Every record needs to be repeated exactly; its pictures do not.
Data extracts Block Start
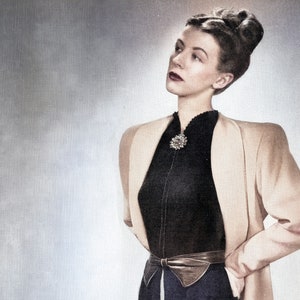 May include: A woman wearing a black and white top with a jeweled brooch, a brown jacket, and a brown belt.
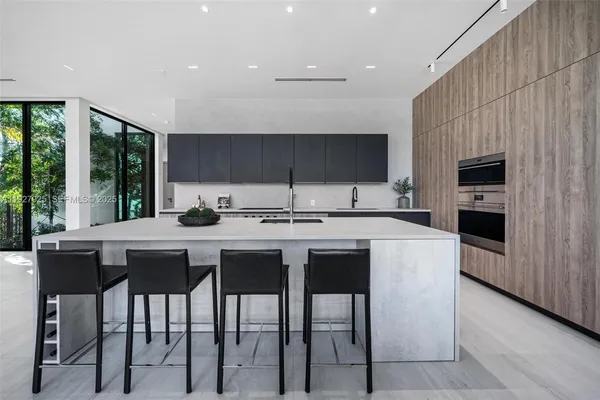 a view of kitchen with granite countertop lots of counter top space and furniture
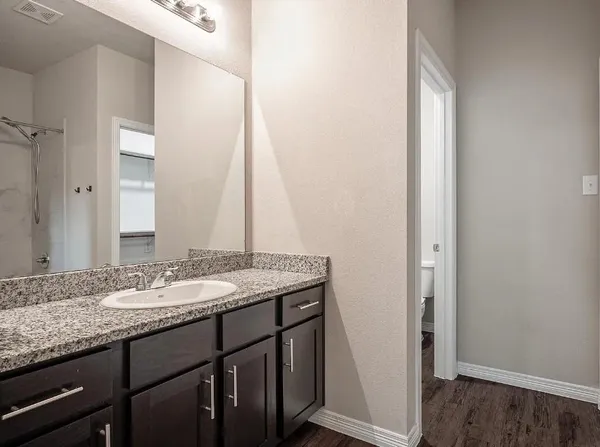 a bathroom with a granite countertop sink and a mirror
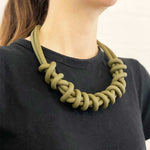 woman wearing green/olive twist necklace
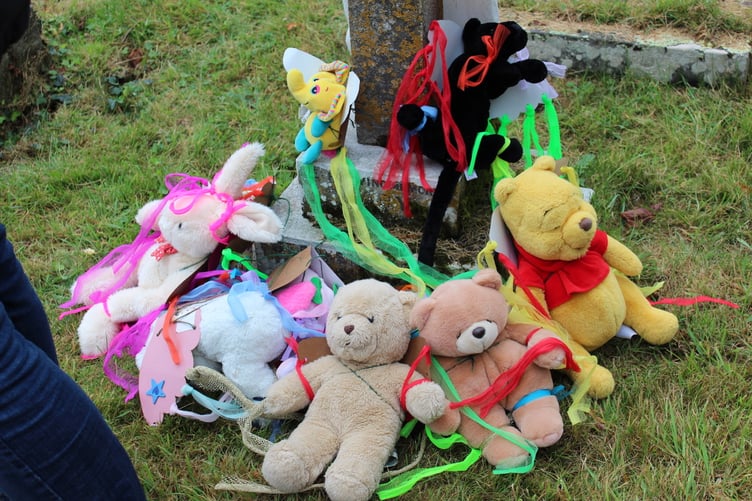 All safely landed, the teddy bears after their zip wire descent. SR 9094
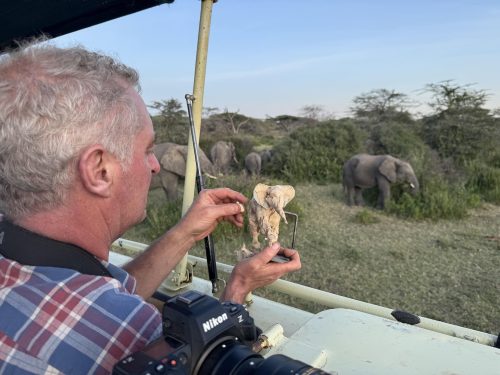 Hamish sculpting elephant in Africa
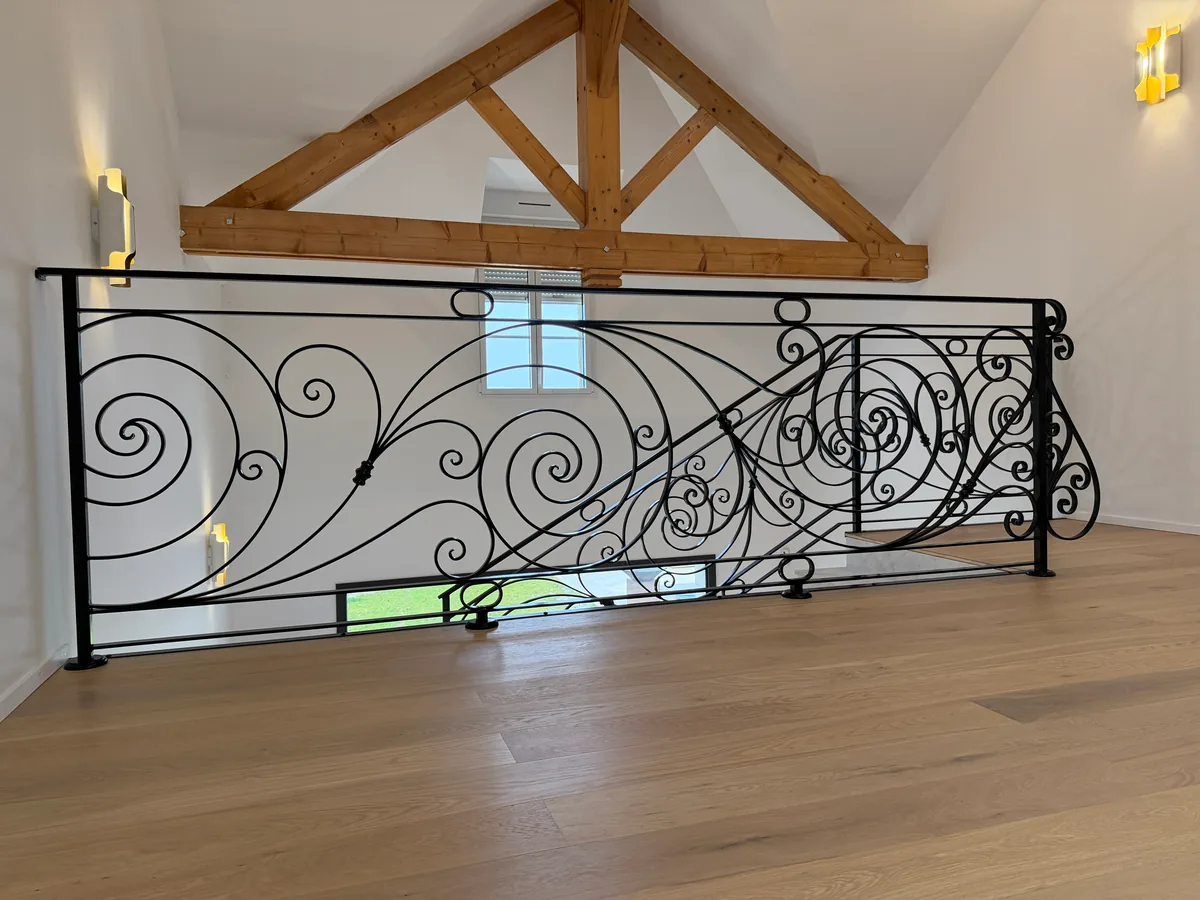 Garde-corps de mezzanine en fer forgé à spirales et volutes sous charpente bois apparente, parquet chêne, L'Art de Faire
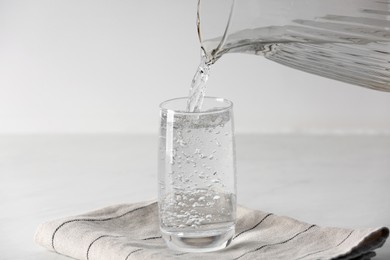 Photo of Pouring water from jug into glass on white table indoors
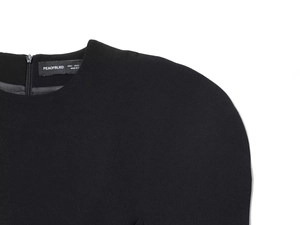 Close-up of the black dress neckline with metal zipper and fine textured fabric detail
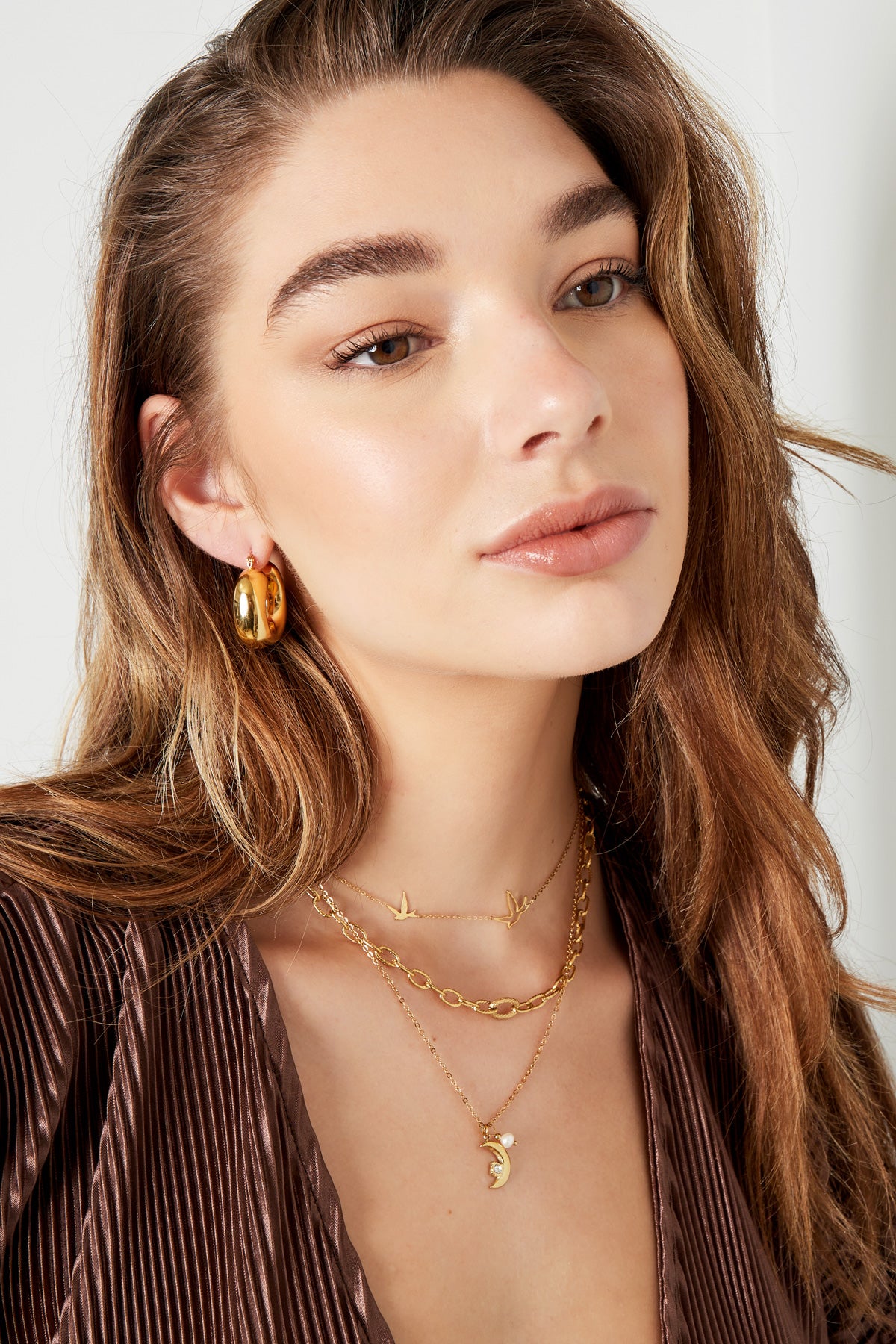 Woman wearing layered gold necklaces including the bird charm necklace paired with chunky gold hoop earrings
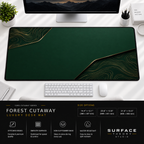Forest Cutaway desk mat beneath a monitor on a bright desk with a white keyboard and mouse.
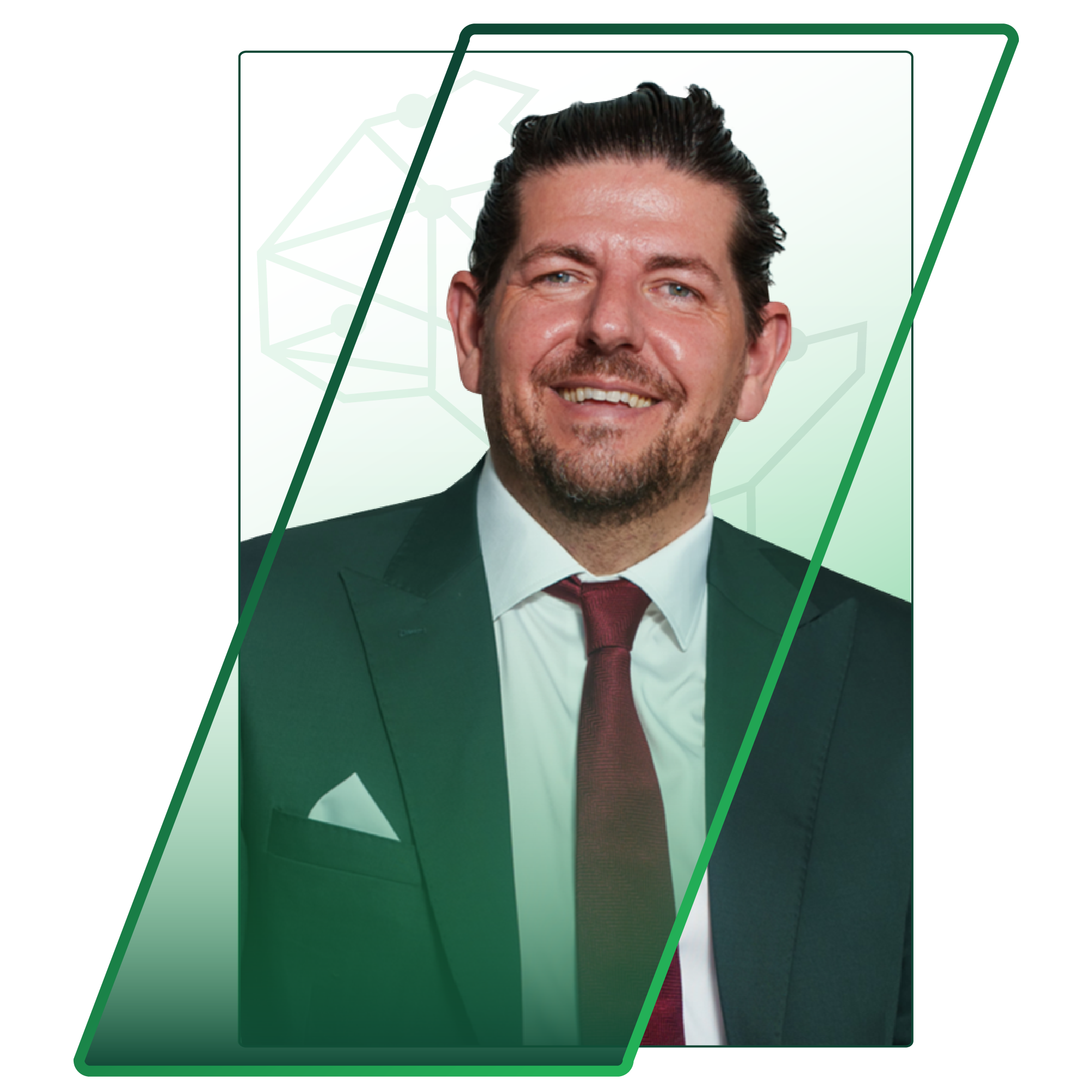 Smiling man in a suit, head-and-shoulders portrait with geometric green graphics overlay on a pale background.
Data extracts Block End
▶ **Result**
 May include: A woman wearing a black and white top with a jeweled brooch, a brown jacket, and a brown belt.
 a view of kitchen with granite countertop lots of counter top space and furniture
 a bathroom with a granite countertop sink and a mirror
 woman wearing green/olive twist necklace
 All safely landed, the teddy bears after their zip wire descent. SR 9094
 Hamish sculpting elephant in Africa
 Garde-corps de mezzanine en fer forgé à spirales et volutes sous charpente bois apparente, parquet chêne, L'Art de Faire
 Photo of Pouring water from jug into glass on white table indoors
 Close-up of the black dress neckline with metal zipper and fine textured fabric detail
 Woman wearing layered gold necklaces including the bird charm necklace paired with chunky gold hoop earrings
Forest Cutaway desk mat beneath a monitor on a bright desk with a white keyboard and mouse.
 Smiling man in a suit, head-and-shoulders portrait with geometric green graphics overlay on a pale background.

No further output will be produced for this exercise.